WM: Who are your favorite contemporary poets?

TB: I have so many. Among the Americans, I like Robert Hass, Robert Pinsky, B H. Fairchild, Kim Addonizio, Tony Hoagland. I like James Tate, Russell Edson, Arthur Sze, Rodney Jones. Philip Levine, of course; he is getting only better. He's so good right now! Then I like Wislawa Szymborska. I would throw in probably Yannis Ritsos. Oh god, there are so many. Among the great poets of the twentieth century, I should mention Jorge Luis Borges, R. M. Rilke, Constantine Cavafy, Vasko Popa and Tomas Tranströmer.


WM: What about Willis Barnstone?

TB: [Laughs] Well, of course!


WM: What do you see as the important trends in poetry today?

TB: I think what's happened is that the firm dividing lines between formalist poetry, Language poetry, and postmodernist, neo-romantic, narrative-lyric poetry have broken down. So now you have, for example, my poetry, much of which is formal poetry with a free verse aesthetic, often written through an experimental method. A number of sonnets in my book The Golem of Los Angeles, for example, were written through the application of Marcel Duchamp's notion of the "assisted readymade" work of art to poetry. And it's not just me; a lot of people are breaking down those barriers.


WM: Who do you see as up-and-coming in the poetry world?

TB: Neil Aiken; his first book is quite wonderful. Matthew Dickman is quite interesting. There are a lot of new poets. There are Jamie Ross—his book is quite good—and Peter Ludwin. Brian Turner's Here, Bullet is a marvelous book about his experiences fighting in the Iraq War. There are some wonderful Los Angeles poets with recent books out, Sholeh Wolpe, Lynne Thompson, John Fitzgerald, Hélène Cardona, Sarah Maclay, Brendan Constantine, Caley O'Dwyer, Elena Karina Byrne, Richard Beban, so many others. For mid-career poets, Kevin Prufer's book National Anthem is just genius. Alan Michael Parker, wonderful.


WM: Emily Dickinson wrote, "Tell all the truth, but tell it slant." What does that mean to you? Do you agree?

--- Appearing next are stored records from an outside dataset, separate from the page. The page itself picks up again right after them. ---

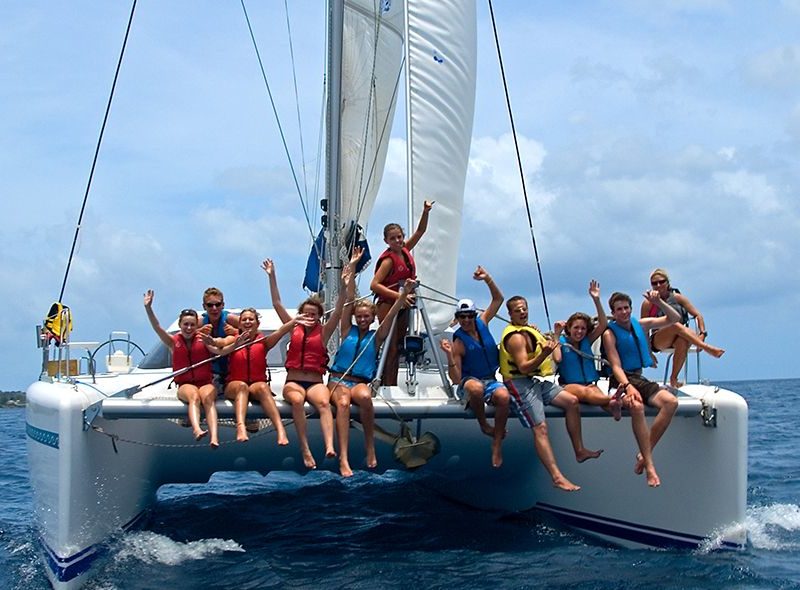 Teens sitting on bow on catamaran on summer sailing camp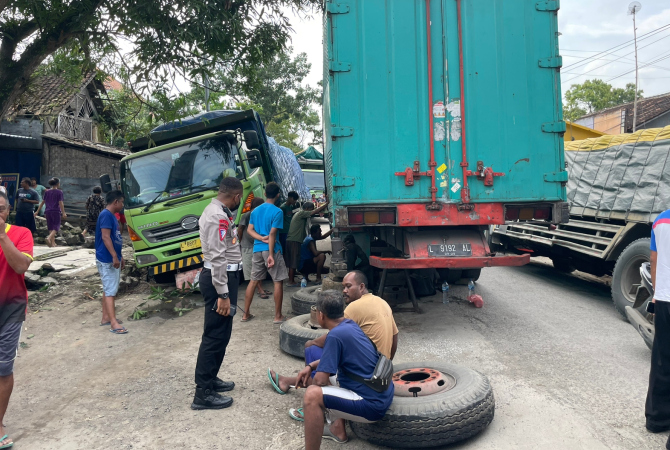 HAMBAT LALU LINTAS: Kasat Lantas Polres Blora AKP Noach Hendrik Daud (berseragam) meninjau lokasi tiga truk tronton rusak yang menutupi jalan pada Rabu (28/12). (SATLANTAS POLRES BLORA FOR RADAR KUDUS)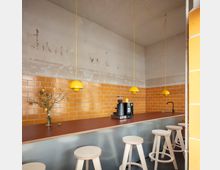 Minimalistisch gestaltete Kaffeebar mit einer Arbeitsplatte aus Holz, gelben Wandfliesen im Ziegelformat, drei hängenden gelben Lampen und hellen Holzhockern. Im Hintergrund befinden sich eine Kaffeemaschine, ein Wasserhahn und ein schlichtes Dekorationselement mit Zweigen.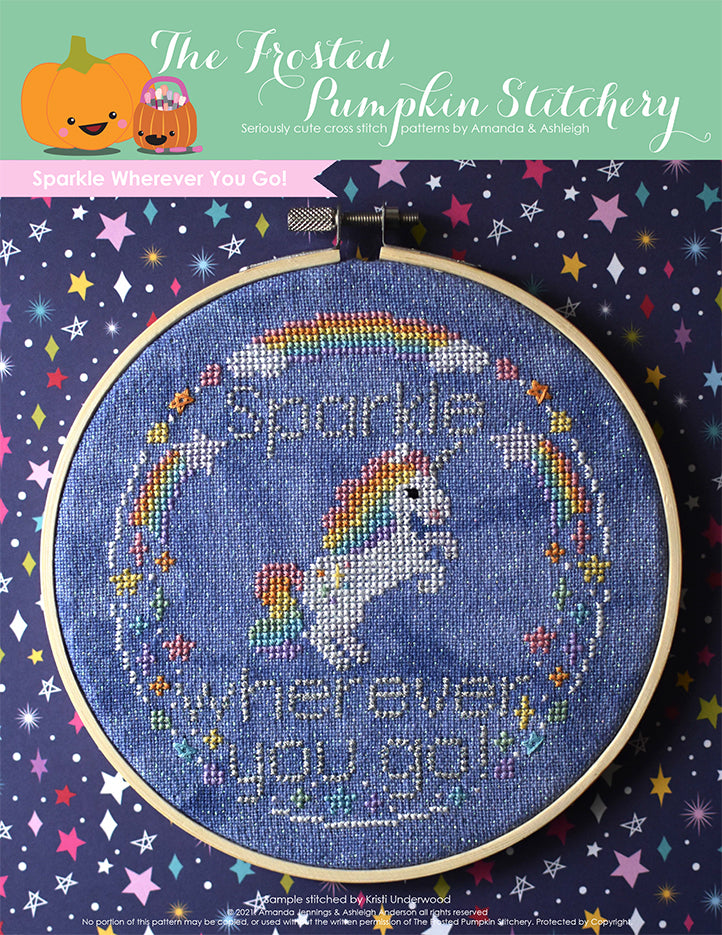 Sparkle Wherever You Go! A Unicorn with a rainbow mane and tail stands on his hind legs surrounded by rainbows and stars. Stitched on blue fabric. 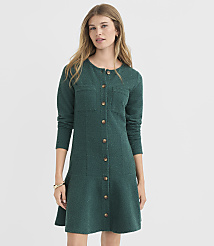 A woman in a green textured dress stands against a plain white background. carousel Product Image 1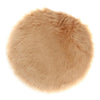 Round tan faux fur sheepskin area rug with a fluffy texture.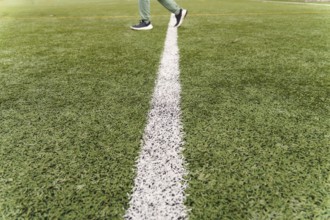 Person walking across a white line on a green artificial turf soccer field, representing progress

TB: My belief is that, as Nietzsche said, the poets all are liars. What Nietzsche meant is that the poets of his time tended to talk too much about God. He of course didn't believe in God. Fiction writers give themselves permission to lie, but do it so well that it feels like truth. Poets need to give themselves the same permission to lyricize, fantasize, and dramatize. If you have too many characters in your poem, cut one out. All writing is translation. We translate from our lives and from our dreams and from our reading and other poets and whatever happens to be around us in our realm of consciousness. Although the trick of a translation is to appear to be a window onto the truth of the original, it is really more of a painting. It is its own original. It gives the illusion of transparency. Truth is a shackle.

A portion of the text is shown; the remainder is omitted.